Evaluating the Stability of Non-Adaptive Trading in Continuous Double Auctions: A Reinforcement Learning Approach

The continuous double auction (CDA) is the predominant mechanism in modern securities markets. Despite much prior study of CDA strategies, fundamental questions about the CDA remain open, such as: (1) to what extent can outcomes in a CDA be accurately modeled by optimizing agent actions over only a simple, non-adaptive policy class; and (2) when and how can a policy that conditions its actions on market state deviate beneficially from an optimally parameterized, but simpler, policy like Zero Intelligence (ZI). To investigate these questions, we present an experimental comparison of the strategic stability of policies found by reinforcement learning (RL) over a massive space, or through empirical Nash-equilibrium solving over a smaller space of non-adaptive, ZI policies.

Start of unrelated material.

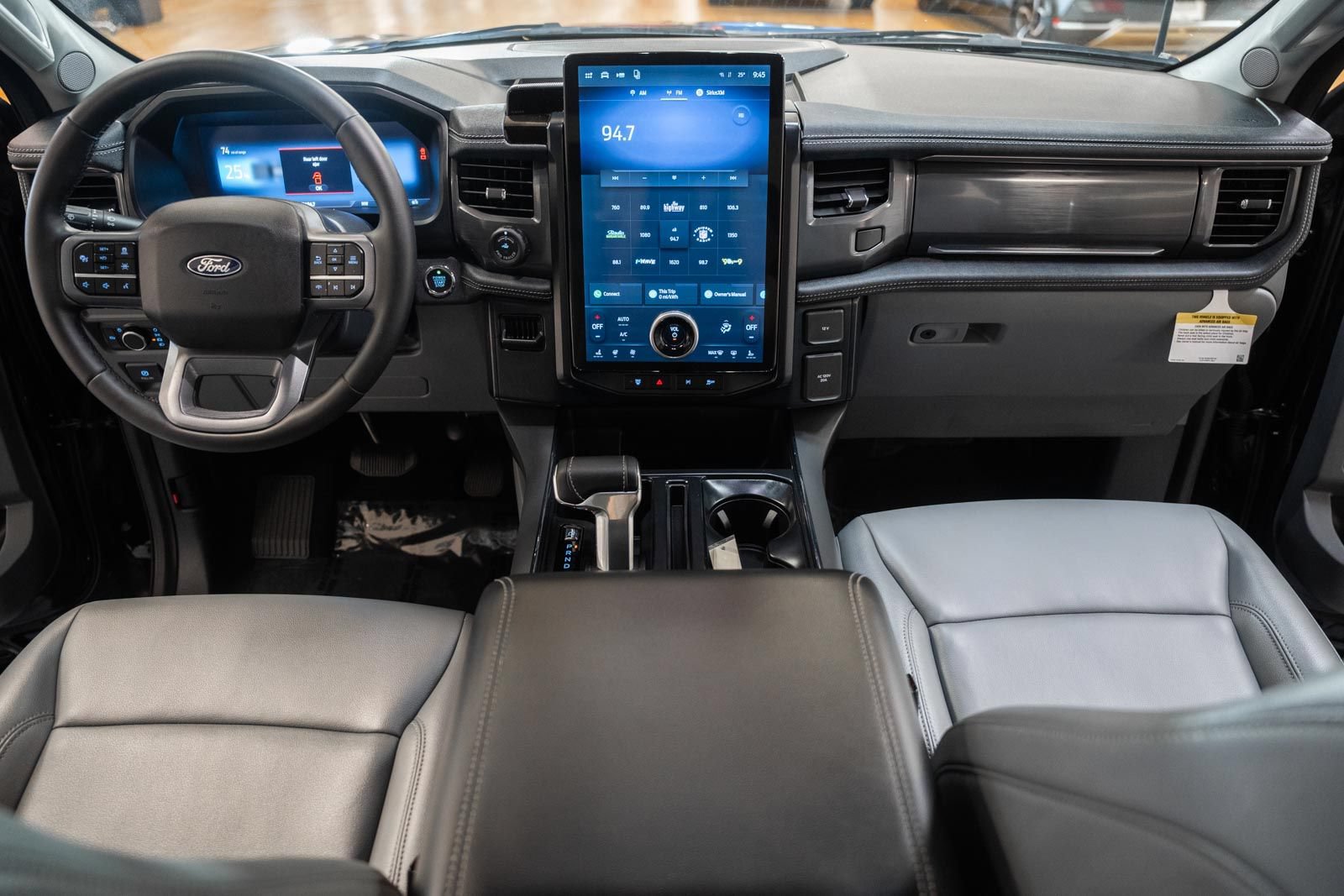 Certified 2025 Ford F150 Lightning Flash AWD/4WD image 29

Our findings indicate that in a plausible market environment, an adaptive trading policy can deviate beneficially from an equilibrium of ZI traders, by conditioning on signals of the likelihood a trade will execute or the favorability of the current bid and ask. Nevertheless, the surplus earned by well-calibrated ZI policies is empirically observed to be nearly as great as what a deviating reinforcement learner could earn, using a much larger policy space. This finding supports the idea that it is reasonable to use equilibrated ZI traders in studies of CDA market outcomes.